Apesar de não precisarmos envelhecer para responder a esta questão, apesar de termos tempo de vez em quando para respondê-la, de estarmos despreocupado muitas vezes de outras coisas, permanece ainda a dúvida do porque não nos dedicamos a ela para tentar respondê-la antes da velhice e, assim, não nos preocuparmos mais com ela. Porque a adiamos sempre além do tempo que talvez não se precisasse para respondê-la, porque não a respondemos logo ao primeiro cintilar do pensamento em relação a ela. Porque, ademais, mesmo a respondendo a partir de muitos outros filósofos ainda não nos contentamos com esta resposta ou nos contentamos ao ponto de não preocuparmos mais com ela quando alguém simplesmente nos pergunta a seco, sem rodeios e sem cerimônias, como uma criança ainda imberbe de conhecimento: o que é a filosofia?

Mafalda, personagem das tirinhas do ilustrador Quino, certa vez faz esta pergunta a seu pai e ele não sabe respondê-la. Pouco depois, o vemos desesperado procurando em livros uma resposta para dar Mafalda como se ela estivesse ali em algum lugar e ele a pudesse encontrar, bastando para isto ler muito, tudo que podia. Parece estranho que uma menina como Mafalda se preocupe com isto, podemos pensar, mas ela é somente uma criança como outra qualquer perguntando pelo que não sabe ainda. Parece mais estranho ainda que seu pai procure esta resposta nos livros como se a filosofia fosse algo que se pudesse ler, ver-se objetivamente como resposta ali, tal como diz Deleuze que chega o momento em que assim ela deve nos parecer.

De fato, os filósofos se preocupam constantemente com esta pergunta que não é feita a nenhuma outra pessoa em relação à sua condição social relacionada ao que faz. Mais do que uma preocupação dele é, portanto, uma preocupação de todos saber o que é isto mesmo que ele diz, para muitos, numa língua estrangeira, mais do que isso, antiga, como a hieroglífica egípcia cravada nas paredes do pensamento para a qual não há muitas vezes tradução. Todos querem uma resposta e não apenas o filósofo, mas o filósofo também ele não sabe muitas vezes a resposta para aquilo que faz, aquilo que se preocupa tanto durante seu cotidiano, que o anima a se acordar e não o deixa dormir, que o angustia, entristece-o, amedronta-o por vezes quando não sabe o que fazer com aquele pensamento.

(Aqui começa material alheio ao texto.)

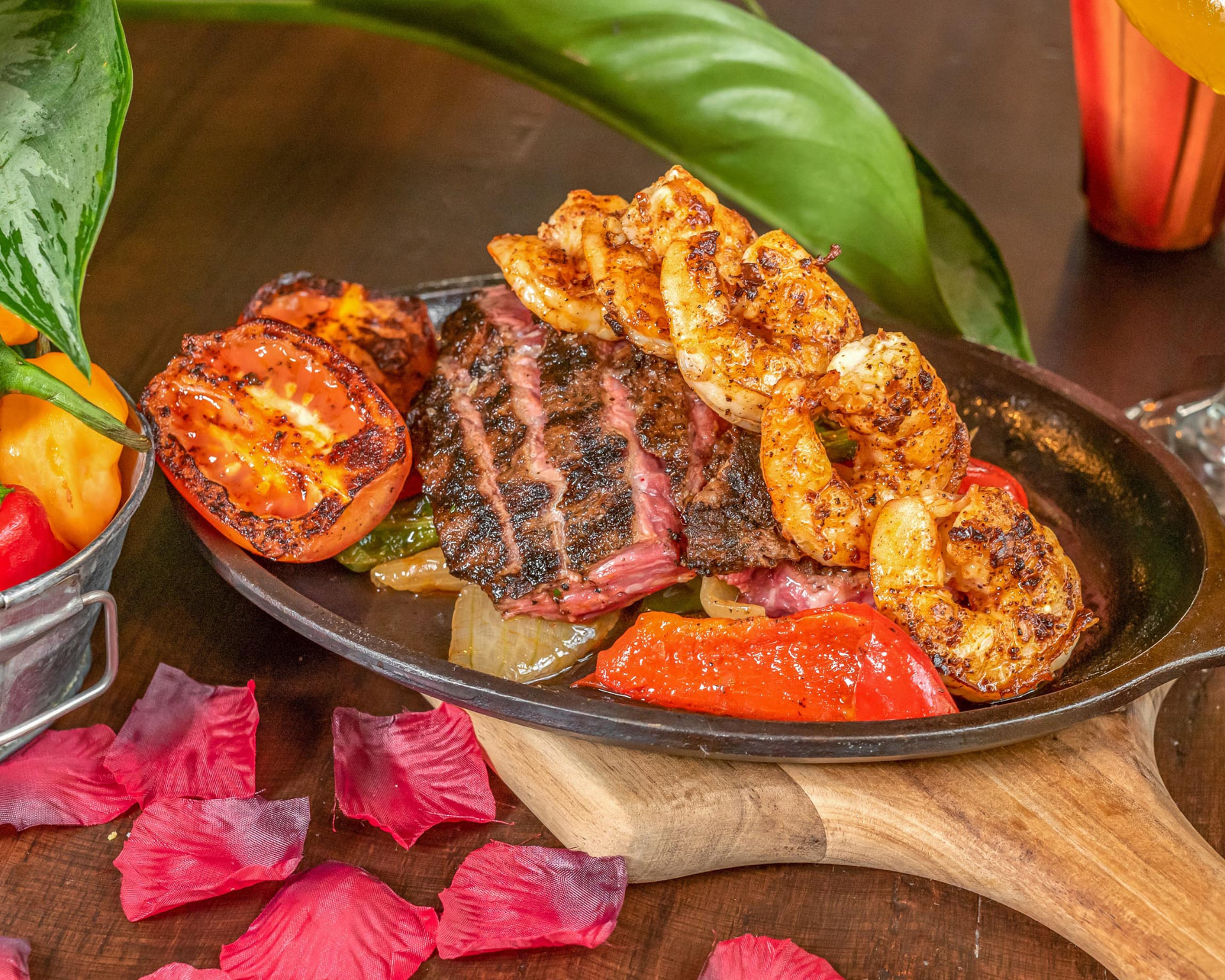 Grilled steak and chili-rubbed shrimp served sizzling in a cast-iron skillet with charred tomato and peppers, garnished with hibiscus petals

Talvez por isto seja, enfim, que é somente na velhice que se possa de fato chegar à resposta a esta questão, não porque na velhice atingimos uma maturidade de pensamento, sistemático ou não, que nos permite ter a certeza do que estamos falando e todos tenham a certeza do que é a filosofia. Mas porque tem uma resposta a qual já não tem mais que responder por ela, isto é, se responsabilizar por ela como se responsabilizam por todas as respostas a todas as perguntas as quais se faz a ele, não porque ele tenha a resposta, mas porque se sabe que ele vai procurá-la, ainda que não esteja pronta objetivamente e ele não tenha resposta para tudo, como o pai de Mafalda não tem para ela.

A despreocupação que a velhice dá, por sua vez, não é com tudo o mais com que se tem que se preocupar e não se pode fazer o que quer, neste sentido, se podendo filosofar à vontade, como se a filosofia fosse um pensamento que se maturasse com o tempo, como vinho. Tão pouco a liberdade aí é a liberdade de não ter preocupações a não ser com a pergunta o que é a filosofia a qual se quer, enfim, responder objetivamente. A despreocupação e a liberdade é com a própria pergunta o que é a filosofia, não tanto com sua resposta, não ter que se responsabilizar com uma resposta a ela como geralmente acontece quando alguém nos pergunta algo.

Se envelhecer, neste sentido, é a condição para responder à pergunta o que é a filosofia, pela liberdade que ela proporciona, é porque somente na velhice já não se precisa mais se preocupar com esta pergunta, logo, com sua resposta, isto é, com a responsabilidade do filósofo ter de dar satisfação a todos do que faz, porque faz e pra que faz o que faz, ou seja, filosofia.